> Exercise
Each line of the data below goes into the copy exactly; pictures do not.

> Data shown
━━━━━━━━━━━━━━━━━━━━

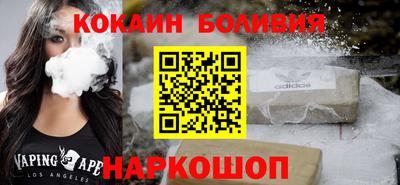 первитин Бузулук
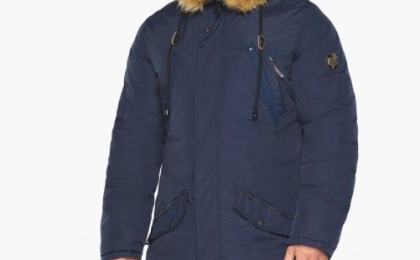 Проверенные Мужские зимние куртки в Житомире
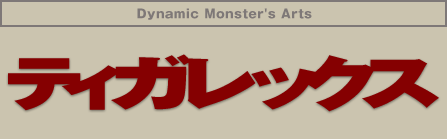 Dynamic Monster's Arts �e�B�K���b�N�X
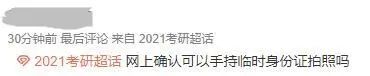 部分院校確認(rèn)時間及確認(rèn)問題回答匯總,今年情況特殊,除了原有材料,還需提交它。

━━━━━━━━━━━━━━━━━━━━

> Exercise output
 первитин Бузулук
 Проверенные Мужские зимние куртки в Житомире
 Dynamic Monster's Arts �e�B�K���b�N�X
 部分院校確認(rèn)時間及確認(rèn)問題回答匯總,今年情況特殊,除了原有材料,還需提交它。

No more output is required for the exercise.